All hash functions either calculate a hash-digest for key == NULL or HMAC (hashed message authentication code) when key is not NULL. Supported inputs are binary (raw vector), strings (character vector) or a connection object.
An envelope contains ciphertext along with an encrypted session key and optionally and initialiation vector. The encrypt_envelope generates a random IV and session-key which is used to encrypt the data with AES stream cipher. The session key itself is encrypted using the given RSA key (see rsa_encrypt) and stored or sent along with the encrypted data. Each of these outputs is required to decrypt the data with the corresponding private key.
The keygen functions generate a random private key. Use as.list(key)$pubkey to derive the corresponding public key. Use write_pem to save a private key to a file, optionally with a password.

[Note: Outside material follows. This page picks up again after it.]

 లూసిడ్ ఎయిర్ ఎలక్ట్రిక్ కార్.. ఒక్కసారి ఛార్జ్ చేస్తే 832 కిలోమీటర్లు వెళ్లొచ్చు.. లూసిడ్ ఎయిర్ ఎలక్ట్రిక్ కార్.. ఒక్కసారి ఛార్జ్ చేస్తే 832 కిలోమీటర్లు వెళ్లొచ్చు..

The read_key function (private keys) and read_pubkey (public keys) support both SSH pubkey format and OpenSSL PEM format (base64 data with a --BEGIN and ---END header), and automatically convert where necessary. The functions assume a single key per file except for read_cert_bundle which supports PEM files with multiple certificates.
Asymmetric encryption and decryption with RSA. Because RSA can only encrypt messages smaller than the size of the key, it is typically used only for exchanging a random session-key. This session key is used to encipher arbitrary sized data via a stream cipher such as aes_cbc. See encrypt_envelope for a high-level wrappers combining RSA and AES in this way.
openssl
(Package: openssl) :
Toolkit for Encryption, Signatures and Certificates based on OpenSSL
Bindings to OpenSSL libssl and libcrypto, plus custom SSH pubkey parsers. Supports RSA, DSA and NIST curves P-256, P-384 and P-521. Cryptographic signatures can either be created and verified manually or via x509 certificates. The AES block cipher is used in CBC mode for symmetric encryption; RSA for asymmetric (public key) encryption. High-level envelope methods combine RSA and AES for encrypting arbitrary sized data. Other utilities include key generators, hash functions (md5, sha1, sha256, etc), base64 encoder, a secure random number generator, and bignum math methods for manually performing crypto calculations on large multibyte integers.